Hari-hari ini aksi premanisme marak dimana-mana. Sebagai pertanda kepanikan sudah mendidih dan keprihatinan merambah berbagai sektor. Sensifitas itu teramat tinggi. Saban orang gampang marah dan tersinggung. Menganggap yang beda adalah lawan. Dan saudara atau teman hanyalah sebatas sesuku atau sepenanggungan. Fanatisme sempit itu yang sekarang tumbuh subur.
Di Tarakan, Kalimantan Timur, kriminal murni berubah SARA. Tawur massal mencekam warga. Bentrok rasial menghentikan denyut kota. Penduduk ramai mengungsi ke kantor polisi, markas tentara dan kantor pemerintahan. Gara-garanya ‘penghakiman’ sekelompok orang berbuntut perang etnis yang menewaskan lima orang.
Di Jakarta, perkelahian Blowfish di Plaza City pada April lalu berlanjut berlarut-larut. Tiga kali sidang perkara ini diwarnai keributan. Dan Rabu (29/9) pekan kemarin aksi itu mencapai puncak. Tawuran tergelar di jalanan depan Pengadilan Negeri (PN) Jakarta Selatan menewaskan tiga orang. Motif tawuran ini sama dengan Tarakan, ‘ketersinggungan antar etnis’.

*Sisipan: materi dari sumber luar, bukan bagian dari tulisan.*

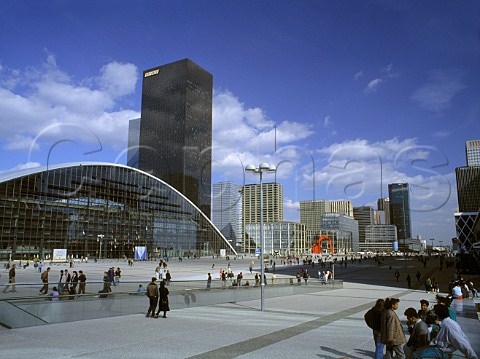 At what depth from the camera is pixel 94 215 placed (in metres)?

Suku-suku yang berubah pemberang itu menjadikan situasi saban kota dililit ketakutan. Tak menutup kemungkinan bukan hanya suku Kalimantan, Bugis, Ambon dan Flores saja yang mudah tersinggung, tetapi juga suku-suku lain di Nusantara yang jumlahnya ratusan.
Sensifitas penyulut perang ras itu patut diduga hanyalah pelampiasan. Akar masalahnya adalah deraan hidup. Himpitan ekonomi di satu sisi, distimulasi banyaknya kasus-kasus korupsi pejabat yang divonis ringan, hukum yang masih dimain-mainkan, dan ketidak-tegasan aparat.
Situasi yang tak kondusif itu kian rawan saja tatkala terorisme menggoncang Medan dan ‘bom’ meledak di Kalimalang, Bekasi yang dikait-kaitkan dengan balas dendam kelompok radikal. Dari peristiwa itu lahir kesan teroris piawai menerapkan strategi gerilya kota dan aparat kedodoran bertindak preventif. Nyawa diobral murah untuk sebuah kepentingan. Dan ‘obral’ itu tidak menutup kemungkinan merenggut nyawa rakyat tak berkepentingan dan tidak berdosa.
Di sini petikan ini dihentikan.